Dalam kondisi seperti ini, dalam kondisi persinggungan masyarakat dan lembaga pendidikan tidak terjalin secara solid, maka saya kira tak ada salahnya jika perguruan tinggi sekarang hadir hanya dalam papan nama dan spanduknya saja. Sementara mahasiswa dan proses dialektika pemikiran yang seyogyanya muncul tak pernah benar-benar muncul. Lalu hendak disimpan dimana muka kita?
Atas dasar itulah saya mengajak kepada siapapun yang terlanjur basah berenang di lautan ilmu untuk melakukan otokritik sekaligus pembongkaran identitas kita secara totalitas, agar semua kedok kemunafikan yang selama ini dijadikan tameng sesegera mungkin ditanggalkan. Mengapa? Karena semua masyarakat dewasa ini sudah cerdas-cerdas, sehingga retorika kepalsuan yang kita tawarkan hanya akan menjadi olok-olok mereka di warung kopi atau di pematang sawah ketika para petani mencangkul sebagai wujud nyata dalam mengabdikan dirinya kepada bangsa.

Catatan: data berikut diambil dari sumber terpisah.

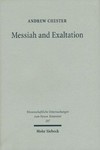 Messiah and exaltation : Jewish messianic and visionary traditions and New Testament Christology /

Hari ini masyarakat butuh kepastian, butuh rangkulan, butuh bukti: jika anak saya sedianya harus digodok di lembaga anu, maka apa pula macam jaminan yang bisa menjadikan anak saya sebagai intelektual otentik, bukan sarjana karbitan?
Nah, jika masyarakat bertanya demikian, kira-kira kalimat apa yang semestinya disampaikan sebagai jawaban meyakinkan?